The Scarlet Gospels
“Enter all!” the Unconsumed yelled, his voice possessed of a magnitude that carried his words to the hordes cramming the beach around the building. “And destroy!”
Harry and his friends retreated farther into the shadows as tens of thousands of demons who’d been denied access seethed in through the ruptured walls, their bony backs all pressed together resembling a stream of cockroaches bubbling as they climbed over one another and dropped into the morass of those who’d climbed onto the ledge and fallen over the other side ahead of them.
This mad flood of invading demons filled up a space that was not meant to hold more than a fraction of the crowd, their rage fueled by a visionary hunger to be at the heart of the baptism that they had glimpsed in their dreams all their lives. “Aye!” they had screamed. “Aye!” to the blood and light and “Aye!” to martyrdom, if that was to be the price of their presence here.
The Hell Priest knew that he had a chamber the size of a small nation to witness to, and he knew there was a sight that would bring an end to the spiraling insanity that had been set in motion by the Unconsumed. Let them have proof that the great lord was not mediating from below; let them see for themselves.
“Gaze upon the fallen fruit!” the Cenobite shouted. “Your glorious leader talks of Lucifer’s eternal meditation on the nature of sin. Your glorious leader has deceived you. I shall show you the angel Lucifer. In all his soiled glory.”
He threw a gesture of force on the ground, which opened beneath him, taking out a hundred or so soldiers with it; then he descended for no more than a few seconds and rose again into view again with Lucifer’s corpse held, limp, in one hand. It was a pitiful sight, hanging from the Hell Priest’s grip, a sack of broken bones, with a grainy gray face clipped from the book of atrocities, eyes sunk in, mouth gaping, nose crushed against his face so it was little more than two holes.
“This—” the Hell Priest said, his voice once again the raw, intimate whisper that was audible to who were assembled there “—is the lord for whom you fight.” He rose as he spoke, climbing effortlessly through the thickening soup of stale and sour that was the air until he was perhaps twenty feet above the crowd. There he turned and let go of the corpse, which tumbled back down the flame-licked dais, through the hole the Hell Priest had used for his descent, and out of sight.
7
An intense hush had grown over the army so that the only sound audible was the steady lapping caress of the flames. The Unconsumed, clearly as surprised to see his fallen lord as the rest of his army, struggled to maintain his rapidly crestfallen soldiers.
“The fiend has murdered our King!” the Unconsumed shrieked. “He must be destroyed! Advance!”
But they did not. Slowly, but in steady droves, the Unconsumed’s minions were turning inward to face the Unconsumed, until his entire army faced him, looks of betrayal and condemnation on their faces.

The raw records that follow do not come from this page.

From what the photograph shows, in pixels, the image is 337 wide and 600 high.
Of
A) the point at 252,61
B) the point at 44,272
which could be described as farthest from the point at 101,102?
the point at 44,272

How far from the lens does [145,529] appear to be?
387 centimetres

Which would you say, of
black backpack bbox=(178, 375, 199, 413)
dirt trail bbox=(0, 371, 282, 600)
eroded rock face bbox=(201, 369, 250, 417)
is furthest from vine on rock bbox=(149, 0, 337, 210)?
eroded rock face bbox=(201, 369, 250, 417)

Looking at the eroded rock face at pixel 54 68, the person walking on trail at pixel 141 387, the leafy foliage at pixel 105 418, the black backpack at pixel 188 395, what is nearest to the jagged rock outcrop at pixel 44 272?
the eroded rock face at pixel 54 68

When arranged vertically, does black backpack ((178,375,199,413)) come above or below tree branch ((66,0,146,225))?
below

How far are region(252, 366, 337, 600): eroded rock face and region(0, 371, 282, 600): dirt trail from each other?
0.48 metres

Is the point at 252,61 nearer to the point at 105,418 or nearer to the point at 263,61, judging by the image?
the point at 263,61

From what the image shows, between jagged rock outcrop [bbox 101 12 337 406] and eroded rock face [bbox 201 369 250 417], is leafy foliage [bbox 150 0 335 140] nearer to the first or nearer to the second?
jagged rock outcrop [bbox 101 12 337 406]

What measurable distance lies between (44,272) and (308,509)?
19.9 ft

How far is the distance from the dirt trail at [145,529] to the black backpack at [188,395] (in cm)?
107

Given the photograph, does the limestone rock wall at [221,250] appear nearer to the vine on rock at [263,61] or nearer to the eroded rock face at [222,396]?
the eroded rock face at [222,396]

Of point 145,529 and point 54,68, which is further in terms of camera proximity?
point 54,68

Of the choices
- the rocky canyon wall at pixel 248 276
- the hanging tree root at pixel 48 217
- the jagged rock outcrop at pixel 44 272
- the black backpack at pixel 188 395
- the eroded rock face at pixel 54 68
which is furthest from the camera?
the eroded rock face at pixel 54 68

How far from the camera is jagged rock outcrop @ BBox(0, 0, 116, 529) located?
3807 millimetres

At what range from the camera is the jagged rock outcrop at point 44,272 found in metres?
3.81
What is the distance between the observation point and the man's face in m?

“Have you lost your minds?” the Unconsumed shouted.
“Most likely,” the Hell Priest answered. “They see their reflections stripped of lies. The burden of truth is too great, Your Lordship. It is my pleasure to introduce you to my army. It is the last thing you will ever see.”

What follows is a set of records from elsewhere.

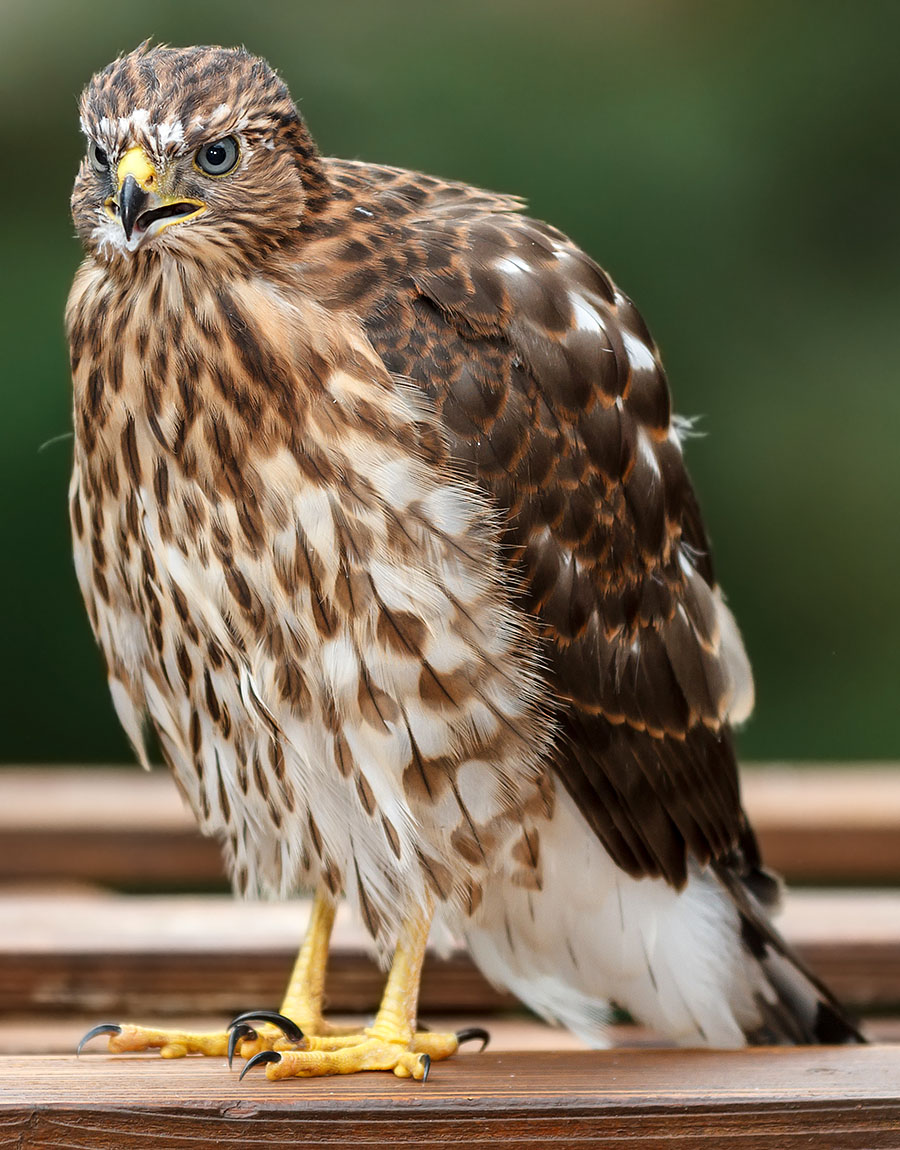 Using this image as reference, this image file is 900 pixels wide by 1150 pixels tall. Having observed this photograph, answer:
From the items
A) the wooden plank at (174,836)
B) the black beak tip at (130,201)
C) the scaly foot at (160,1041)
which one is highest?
the black beak tip at (130,201)

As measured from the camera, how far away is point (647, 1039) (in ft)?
9.19

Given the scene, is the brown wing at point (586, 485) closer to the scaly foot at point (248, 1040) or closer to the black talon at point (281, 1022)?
the scaly foot at point (248, 1040)

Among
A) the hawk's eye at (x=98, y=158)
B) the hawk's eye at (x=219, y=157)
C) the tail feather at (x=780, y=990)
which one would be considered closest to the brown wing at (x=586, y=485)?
the tail feather at (x=780, y=990)

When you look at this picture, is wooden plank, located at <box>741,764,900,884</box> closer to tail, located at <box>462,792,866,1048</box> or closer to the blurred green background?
tail, located at <box>462,792,866,1048</box>

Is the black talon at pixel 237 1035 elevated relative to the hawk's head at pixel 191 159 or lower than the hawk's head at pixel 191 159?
lower

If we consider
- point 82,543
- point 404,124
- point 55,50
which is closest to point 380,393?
point 82,543

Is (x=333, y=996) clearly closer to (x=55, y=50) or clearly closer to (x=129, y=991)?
(x=129, y=991)

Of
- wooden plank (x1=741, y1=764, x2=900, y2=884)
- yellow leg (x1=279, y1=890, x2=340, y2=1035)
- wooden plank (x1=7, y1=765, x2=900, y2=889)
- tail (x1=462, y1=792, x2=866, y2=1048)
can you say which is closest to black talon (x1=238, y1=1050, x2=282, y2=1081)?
yellow leg (x1=279, y1=890, x2=340, y2=1035)

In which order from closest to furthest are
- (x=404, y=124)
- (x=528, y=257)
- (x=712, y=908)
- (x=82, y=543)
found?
(x=528, y=257) → (x=82, y=543) → (x=712, y=908) → (x=404, y=124)

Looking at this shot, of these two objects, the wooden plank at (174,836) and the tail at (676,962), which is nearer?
the tail at (676,962)

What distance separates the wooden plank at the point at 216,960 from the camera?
251 centimetres

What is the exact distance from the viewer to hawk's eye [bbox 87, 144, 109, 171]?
6.38ft

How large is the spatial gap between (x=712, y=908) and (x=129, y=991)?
3.03ft

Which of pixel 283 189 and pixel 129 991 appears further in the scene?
pixel 129 991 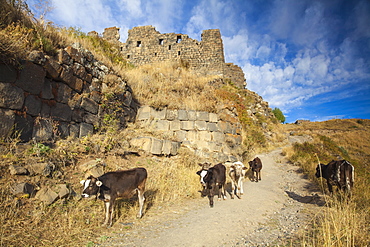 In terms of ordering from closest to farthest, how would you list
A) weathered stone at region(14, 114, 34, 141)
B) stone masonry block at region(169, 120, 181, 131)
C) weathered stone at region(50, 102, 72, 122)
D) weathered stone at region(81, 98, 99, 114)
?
weathered stone at region(14, 114, 34, 141) → weathered stone at region(50, 102, 72, 122) → weathered stone at region(81, 98, 99, 114) → stone masonry block at region(169, 120, 181, 131)

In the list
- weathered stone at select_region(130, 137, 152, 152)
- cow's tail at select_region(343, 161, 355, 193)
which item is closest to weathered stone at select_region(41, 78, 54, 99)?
weathered stone at select_region(130, 137, 152, 152)

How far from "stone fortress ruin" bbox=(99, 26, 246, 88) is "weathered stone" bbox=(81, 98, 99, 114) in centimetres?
1225

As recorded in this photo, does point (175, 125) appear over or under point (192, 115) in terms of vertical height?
under

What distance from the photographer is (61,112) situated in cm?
576

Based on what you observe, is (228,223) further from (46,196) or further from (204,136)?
(204,136)

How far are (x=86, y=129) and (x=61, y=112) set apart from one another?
1.01 metres

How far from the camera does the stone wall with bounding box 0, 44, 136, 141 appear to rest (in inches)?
172

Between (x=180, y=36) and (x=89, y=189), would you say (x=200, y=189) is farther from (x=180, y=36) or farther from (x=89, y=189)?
(x=180, y=36)

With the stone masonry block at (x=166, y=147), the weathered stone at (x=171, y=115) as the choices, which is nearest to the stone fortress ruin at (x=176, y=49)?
the weathered stone at (x=171, y=115)

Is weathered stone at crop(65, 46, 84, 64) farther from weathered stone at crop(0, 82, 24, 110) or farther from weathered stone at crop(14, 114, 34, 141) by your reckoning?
weathered stone at crop(14, 114, 34, 141)

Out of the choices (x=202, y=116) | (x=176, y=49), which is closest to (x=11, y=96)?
(x=202, y=116)

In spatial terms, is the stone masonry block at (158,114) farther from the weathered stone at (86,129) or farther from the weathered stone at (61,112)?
the weathered stone at (61,112)

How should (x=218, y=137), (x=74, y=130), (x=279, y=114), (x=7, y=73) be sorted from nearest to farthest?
(x=7, y=73), (x=74, y=130), (x=218, y=137), (x=279, y=114)

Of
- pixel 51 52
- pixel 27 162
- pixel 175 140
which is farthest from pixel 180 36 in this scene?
pixel 27 162
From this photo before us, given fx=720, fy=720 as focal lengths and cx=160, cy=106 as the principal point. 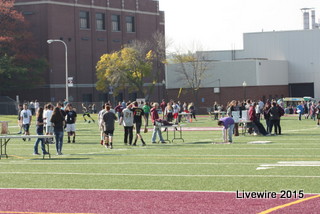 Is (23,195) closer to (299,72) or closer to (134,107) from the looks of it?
(134,107)

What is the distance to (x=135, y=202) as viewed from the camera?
520 inches

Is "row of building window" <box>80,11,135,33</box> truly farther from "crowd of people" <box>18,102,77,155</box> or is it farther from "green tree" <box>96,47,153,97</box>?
"crowd of people" <box>18,102,77,155</box>

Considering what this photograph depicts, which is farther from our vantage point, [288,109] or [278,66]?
[278,66]

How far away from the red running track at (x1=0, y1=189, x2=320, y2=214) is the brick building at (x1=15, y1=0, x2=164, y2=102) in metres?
65.8

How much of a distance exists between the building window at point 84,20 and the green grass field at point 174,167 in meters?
57.9

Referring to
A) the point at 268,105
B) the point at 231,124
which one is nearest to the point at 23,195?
the point at 231,124

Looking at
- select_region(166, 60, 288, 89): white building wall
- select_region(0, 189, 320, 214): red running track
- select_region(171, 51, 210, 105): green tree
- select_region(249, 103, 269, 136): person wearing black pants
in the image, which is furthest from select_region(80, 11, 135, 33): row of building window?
select_region(0, 189, 320, 214): red running track

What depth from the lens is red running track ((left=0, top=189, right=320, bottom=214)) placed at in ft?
40.2

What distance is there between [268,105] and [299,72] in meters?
51.9

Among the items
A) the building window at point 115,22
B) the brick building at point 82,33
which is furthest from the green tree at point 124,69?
the building window at point 115,22

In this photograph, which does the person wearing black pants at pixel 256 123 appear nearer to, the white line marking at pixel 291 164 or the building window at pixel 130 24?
the white line marking at pixel 291 164

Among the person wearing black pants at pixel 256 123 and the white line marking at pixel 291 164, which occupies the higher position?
the person wearing black pants at pixel 256 123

The Priest then loosed a war cry that echoed off the walls of the cathedral, repeating in the ears of every being present. He raised his arms and came at the Unconsumed, conjuring a sword in his right hand. In the blink of an eye the Priest took off the Unconsumed’s arm just above the elbow and drove his sword through it for good measure. This was the first injury the Unconsumed had sustained in centuries. The shock of the trauma caused him to vomit up a series of flames and he began to babble an incoherent glossolalia.
In taking those few moments to expose the extent of his weakness, the Unconsumed had left himself open to attack from the rest of the army. And they took the opportunity, in a rushed and panicky fashion, eager to get the job done as quickly as possible. The Unconsumed had four blades in his back by the time he turned to face his betrayers, and twice that number of wounds—the most severe a strike at the back of the neck, which had clearly been intended to take off his head and might have done so had he not retaliated by reaching over with his remaining hand and seizing the blade as it cut into his flaming flesh, melting it in an instant.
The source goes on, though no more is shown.